JEFFERSON CITY, Mo. (AP) — A Missouri judge on Tuesday made clear that local election workers cannot enforce a core requirement in a new voter photo identification law, taking away the teeth of the law in advance of a marquee U.S. Senate election on Nov. 6.
At issue is a new law that had directed voters to present a valid photo ID or sign a sworn statement and present some other form of identification in order to cast a regular ballot.
Senior Cole County Circuit Judge Richard Callahan earlier this month struck down the requirement that voters without proper photo ID sign a sworn statement.
But Republican Secretary of State Jay Ashcroft, who supports a photo ID law, said the ruling “injected mass confusion” into the voting process just weeks before the pivotal Nov. 6 election between Democratic Sen.

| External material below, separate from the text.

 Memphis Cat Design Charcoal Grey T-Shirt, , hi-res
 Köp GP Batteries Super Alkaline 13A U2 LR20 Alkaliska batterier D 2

Claire McCaskill and her Republican rival, Attorney General Josh Hawley.
Ashcroft had said that’s because Callahan’s initial ruling directed “the state” not to require a sworn statement from voters without proper ID. But Ashcroft said enforcing that requirement was local election workers’ responsibility.
Callahan on Tuesday responded by clarifying that his judgment “applies to all persons who act in concert and participation with the Secretary of State and the State of Missouri in administering and certifying elections within the State of Missouri, including local election authorities.”
A request for comment to the Missouri Secretary of State’s Office was not immediately returned Tuesday.